Che il rapporto tra il presidente del consiglio italiano e quello russo fossero pericolosi era sotto gli occhi di tutti. Quanti, a destra come a sinistra, in queste ore si stracciano le vesti avrebbero fatto bene a parlare prima. Perché, come per i rapporti col dittatore libico, anche quelli col regime putiniano sono stati avallati anche da coloro che oggi sono all’opposizione. Questo non va dimenticato. Eccezion fatta per l’Ucd di Casini e per i radicali, la gran parte delle scelte energetiche messe sott’accusa dagli americani, risultavano discutibili fin dalle loro premesse.

Che l’alleanza Eni-Gazprom avrebbe ridotto le nostre possibilità di manovra era evidente. Eppure, malgrado l’Unione europea lavorasse per evitare che i russi fossero l’unico referente nella compravendita del gas, noi italiani abbiamo fatto da Cavallo di Troia. Ci hanno poi seguito i tedeschi (col nuovo gasdotto a nord) e i francesi (entrati ora in quello, costruendo, a sud- a scapito nostro, peraltro che non siamo neanche soci paritari ora, a differenza del passato).

Ma se l’Europa fosse stata unita, tutto questo non sarebbe successo. E invece, comanda chi vende e non chi compra. Perché tratta con 27 interlocutori anziché con uno solo.

La domanda peraltro che, come Annaviva, continuiamo  a porre è prettamente nazionale, che non riguarda gli interessi americani, e nemmeno quelli europoi. Ma di quanti abitano nel Bel Paese.

Posto che l’Eni è una società quotata in Borsa ma che è, grazie alla golden share, nel pieno controllo della Repubblica Italiana, quale vantaggio hanno ottenuto i cittadini di tale Repubblica da questi accordi con in russi?

Paghiamo meno il gas? Non mi pare. Abbiamo rifornimenti più stabili, non avendo centrali? Vero.
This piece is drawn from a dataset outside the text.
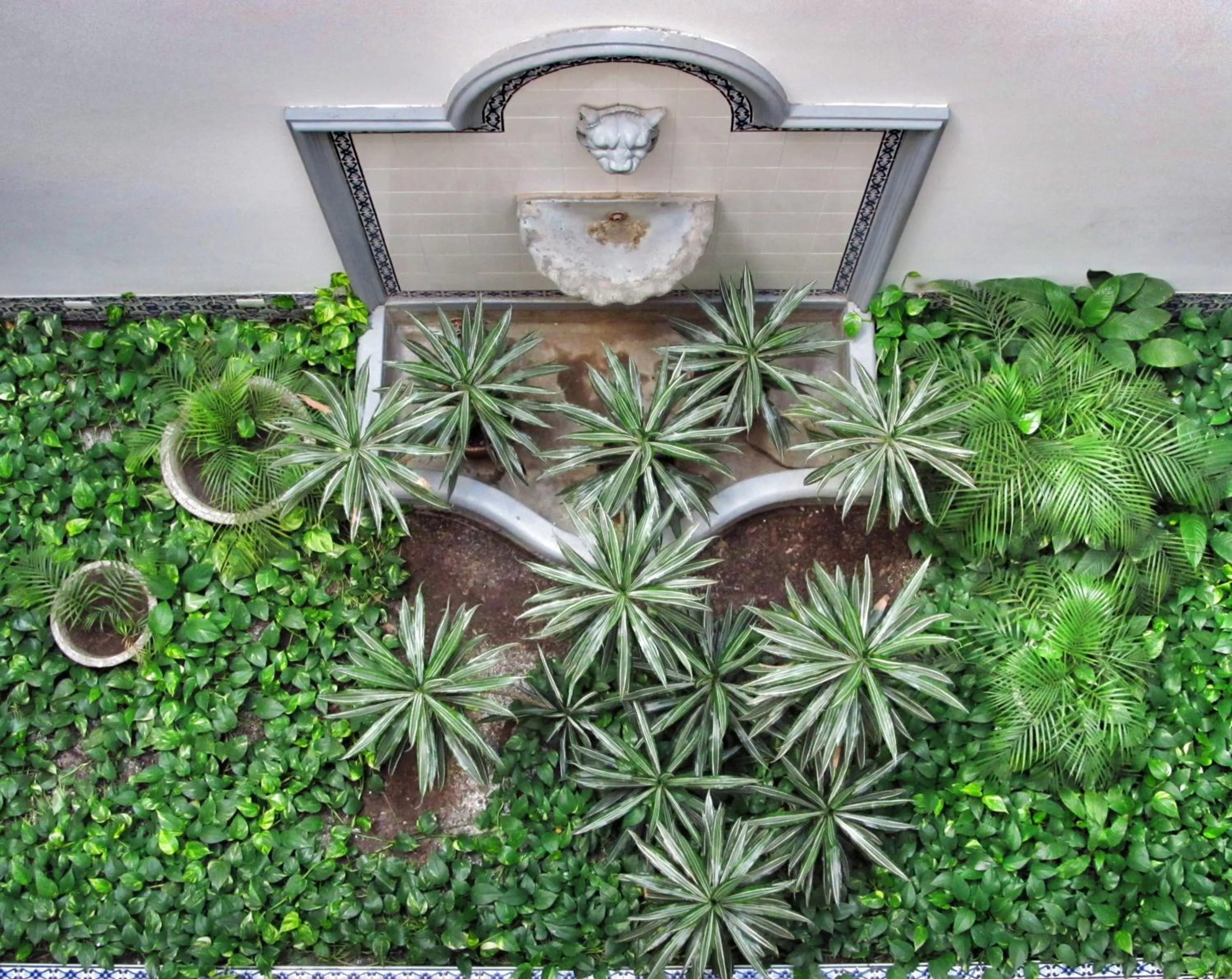 Garden in Solar De La Plaza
Ma nessuno dei cervelloni aveva previsto che il prezzo del gas liquefatto sarebbe sceso così tanto, avendo gli Usa trovato nuovi giacimenti gasiferi (o meglio altre, moderne tecnologie di estrazione)?
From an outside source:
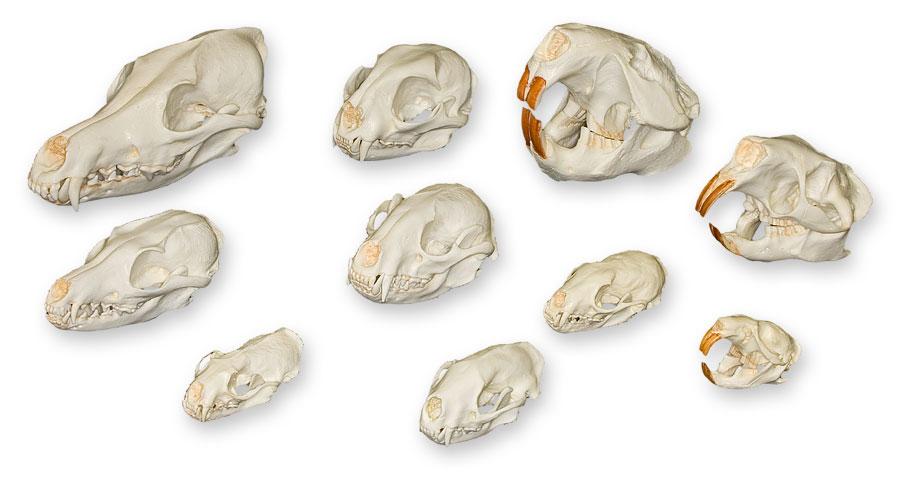 Comparative Skull Kit - North American Furbearers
Non sarebbe stato meglio fin dall’inizio, liberalizzare la rete del gas, come è avvenuto per quella elettrica?

E, cambiando settore, ma tenendo liinquadratura sul Cane a sei zampe: paghiamo meno la benzina all’ex Agip? Mi pare il contrario.

Che paese è quello che si accontenta delle tesserine sconto di You&Eni?

Gli accordi italo-russi sulla Yukos di Khodorkovskij, avviati durante il governo Prodi e portati a termine con Berlusconi, sono lì a raccontare ben più di quanto i file di Assange rivelino.